Filed: March 30, 1982.


Appeal by plaintiff employer pursuant to G.S. 7A-30(2) from the decision of the North Carolina Court of Appeals (Whichard, J., with Hill, J., concurring and Hedrick, J., dissenting) reported at Branch, Chief Justice. Justice Carlton dissenting. Justices Copeland and Meyer join in this dissenting opinion.


The question presented by this appeal is whether claimant's unexcused absence from work on 16 February 1980, which

violated her employer's rule and which was due to her inability to secure child care, constituted "misconduct" connected with her work so as to disqualify her for unemployment compensation benefits.

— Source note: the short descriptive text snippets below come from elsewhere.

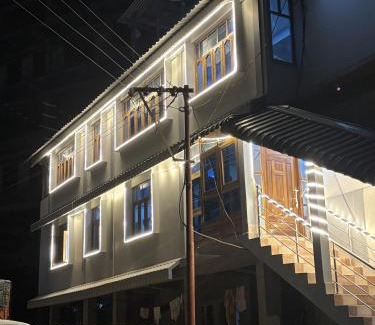 Tawang Casa | Amaze PY Homestay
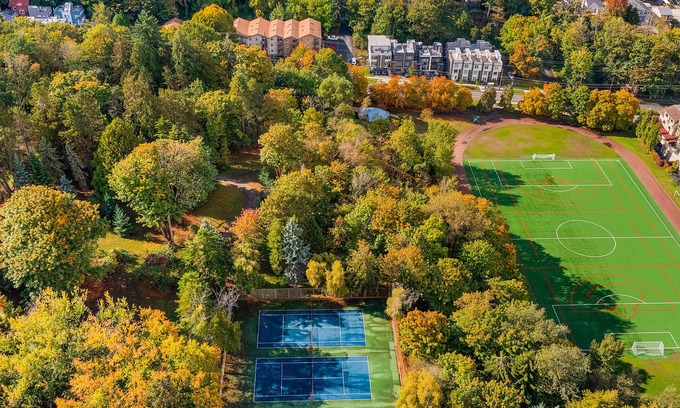 North Queen Anne Casa | Palpatine Sith Lord Suite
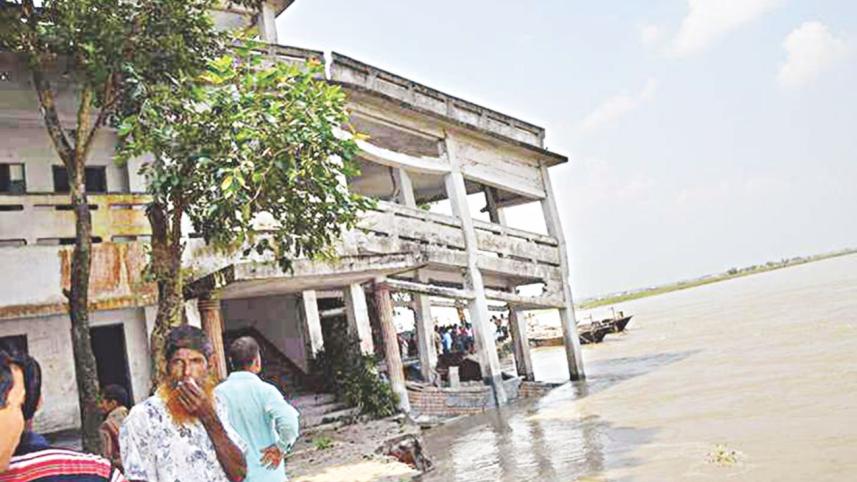 Teesta devours.jpg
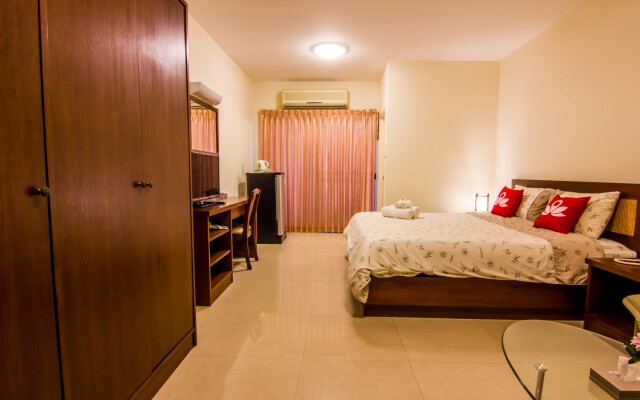 Отель ZEN Rooms Sukhumvit 81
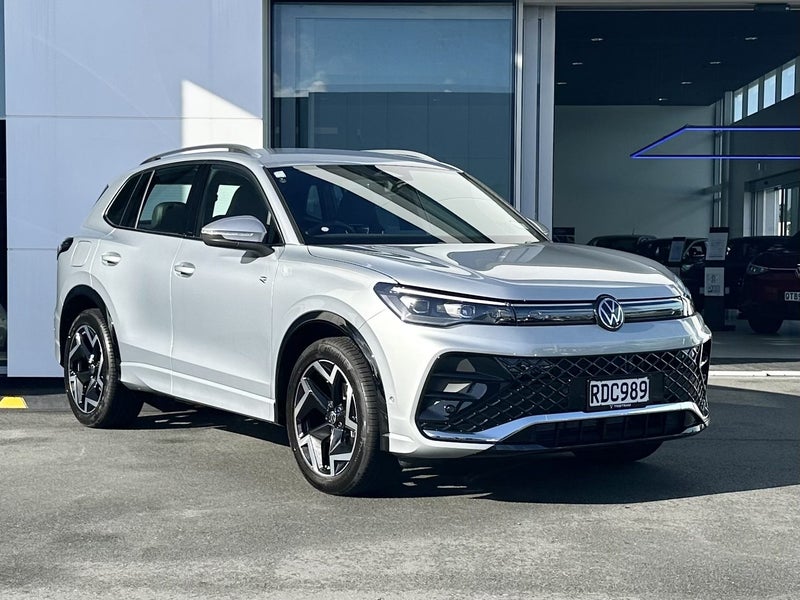 2025 Volkswagen Tiguan R-Line 1.4PT/7AT image 1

G.S. 96-14(2), in part, provides:

An individual shall be disqualified for benefits . . . if it is determined by the Commission that such individual is, at the time such claim is filed, unemployed because he was discharged for misconduct connected with his work.

This Court has not defined "misconduct" in the context of the statute. However, the rule recognized by our Court of Appeals and the majority of the courts of other jurisdictions is that misconduct sufficient to disqualify a discharged employee from receiving unemployment compensation is conduct which shows a wanton or wilful disregard for the employer's interest, a deliberate violation of the employer's rules, or a wrongful intent. See In re Collingsworth, 17 N.C. App. 340, 194 S.E.2d 210 (1973), and cases there cited, 76 Am. Jur. 2d, Unemployment Compensation § 52 (1975); Beaunit Mills, Inc. v. Division of Employment Security, 43 N.J. Super. 172, 128 A. 2d 20 (1956); Checker Cab Co. v. Industrial Comm., 242 Wisc. 429, 8 N.W. 2d 286 (1943). See also Annot., Unemployment Compensation - Misconduct, 26 A.L.R. 3d 1356, § 3 at 1359 (1969). We adopt this majority rule.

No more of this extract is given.